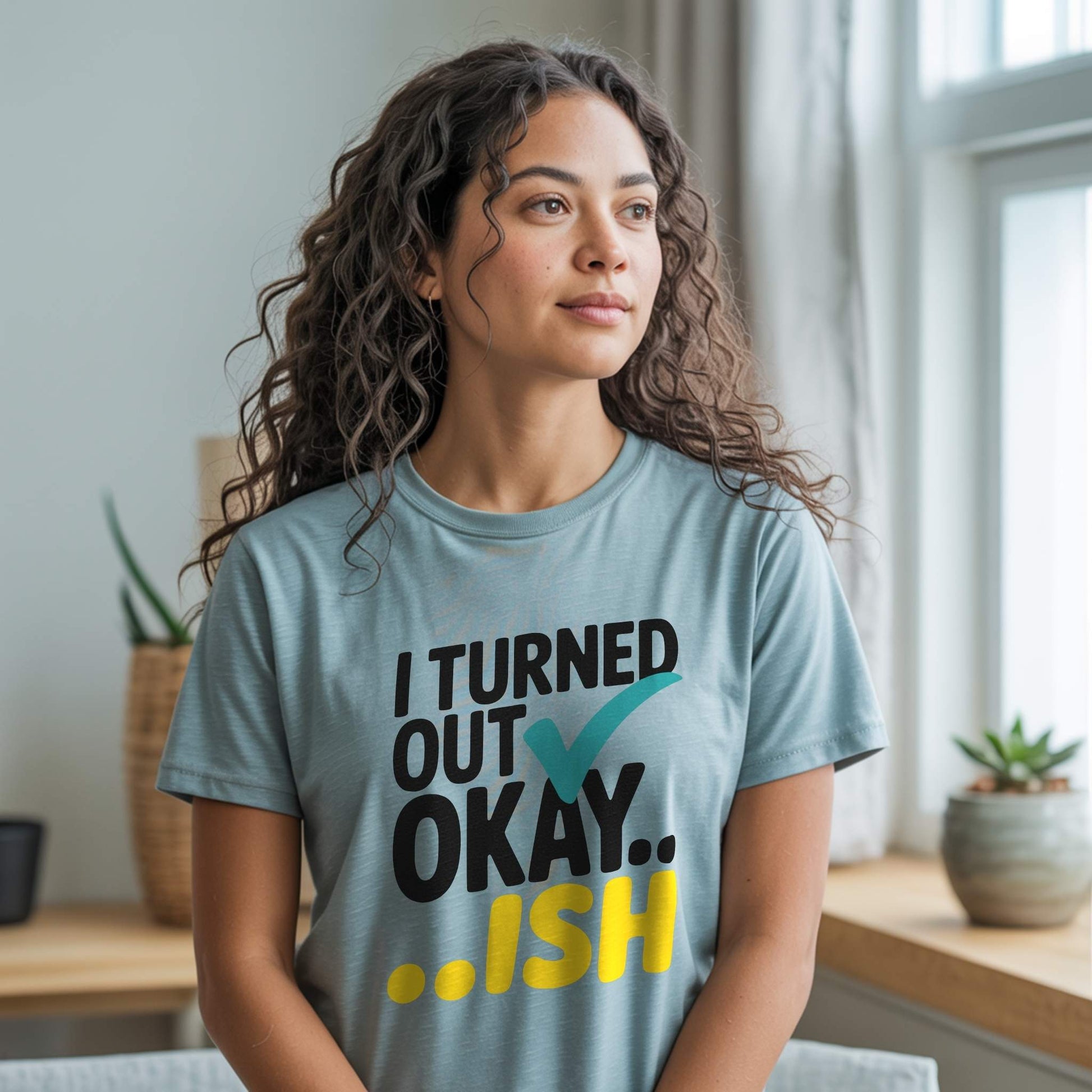 Woman wearing a Heather Prism Dusty Blue t-shirt with the "I Turned Out Okay...ish" graphic, offering comfort and understanding.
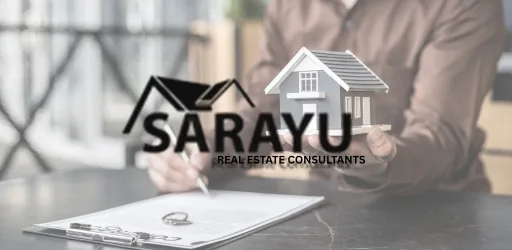 Person holds a small house model over a desk with a clipboard featuring the Sarayu Real Estate Consultants logo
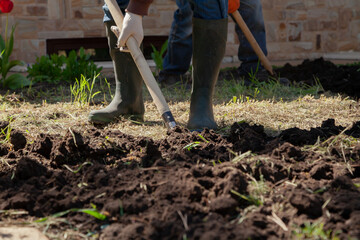 Two people are digging earthen plot in front of  house..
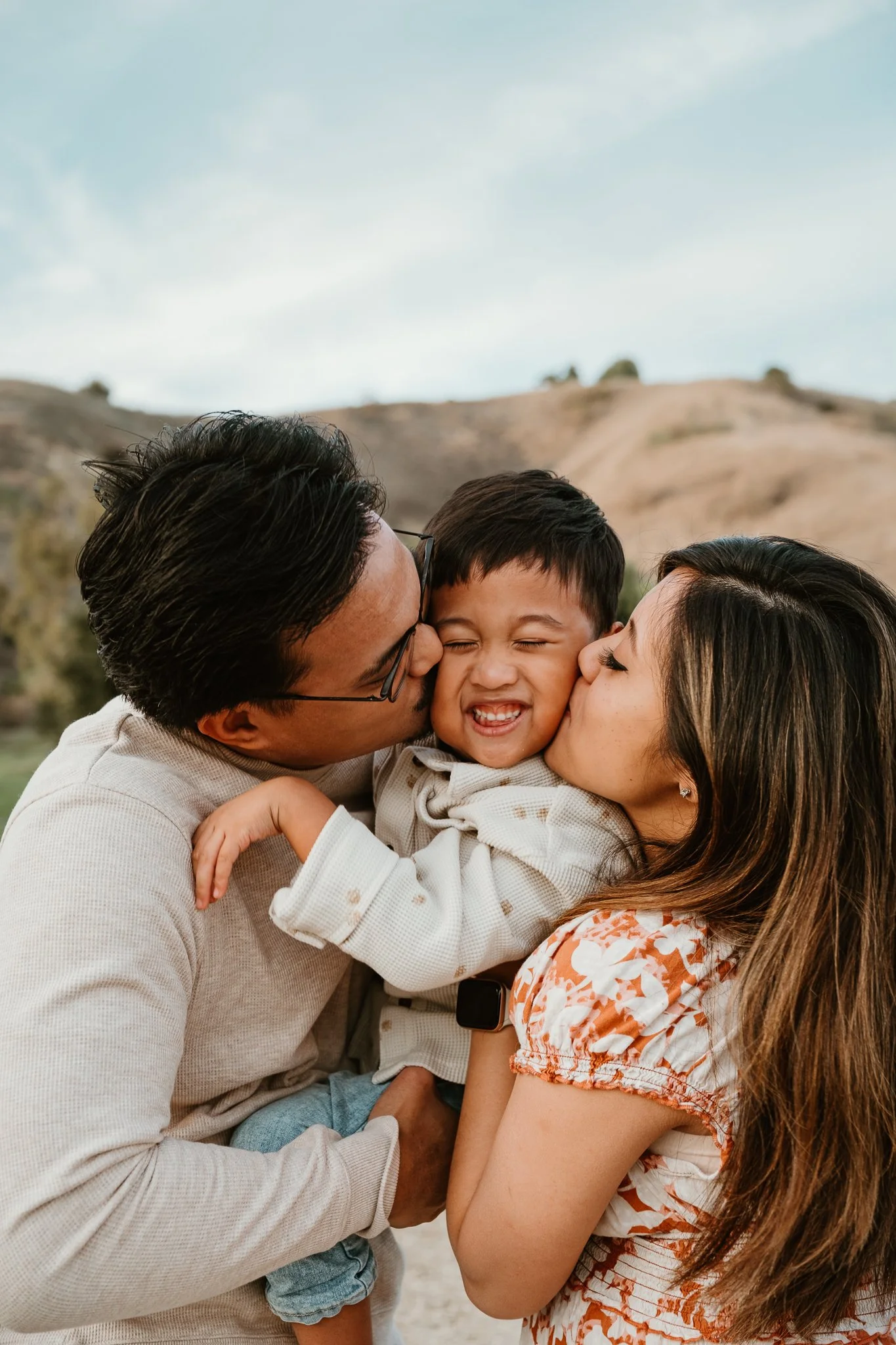 A family of three shows affection outdoors, with a man and woman kissing their smiling young son on each cheek, in front of a hilly landscape.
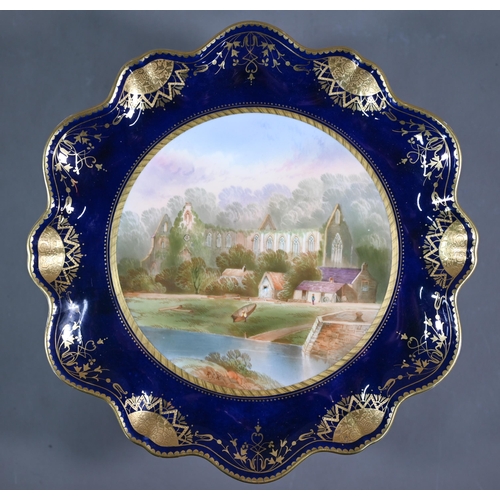 693 - A Victorian Minton china wall-plate painted with 'A View in The Vale of Llangollen' (title on revers... 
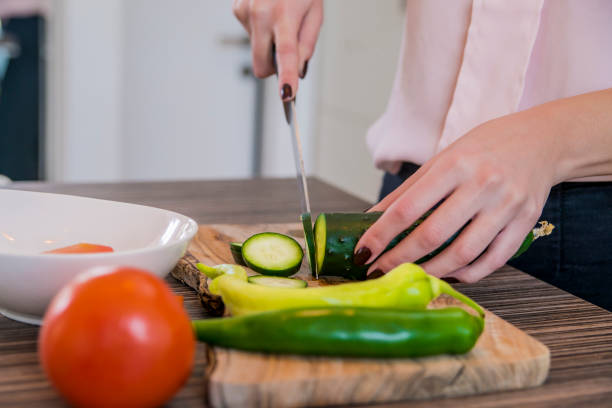 istock Woman slicing vegetables in her kitchen. cutting cucumber 653344722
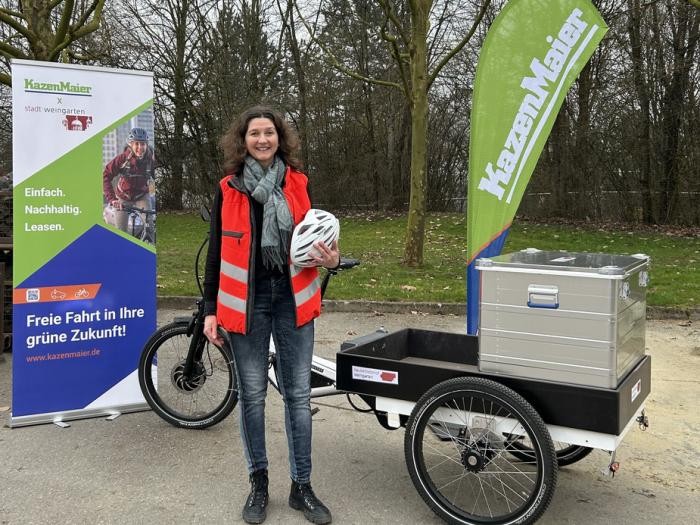 Eien Frau mit Fahrradhelm steht vor einem Fahrrad mit drei Rädern und Anhänger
++++++++++++++++++++
### Your instructions
What you return must match, line for line, the span from the line containing "A family of" through the last line of the listing above, with every picture omitted.

### Written solution
 A family of three shows affection outdoors, with a man and woman kissing their smiling young son on each cheek, in front of a hilly landscape.
 693 - A Victorian Minton china wall-plate painted with 'A View in The Vale of Llangollen' (title on revers... 
 istock Woman slicing vegetables in her kitchen. cutting cucumber 653344722
 Eien Frau mit Fahrradhelm steht vor einem Fahrrad mit drei Rädern und Anhänger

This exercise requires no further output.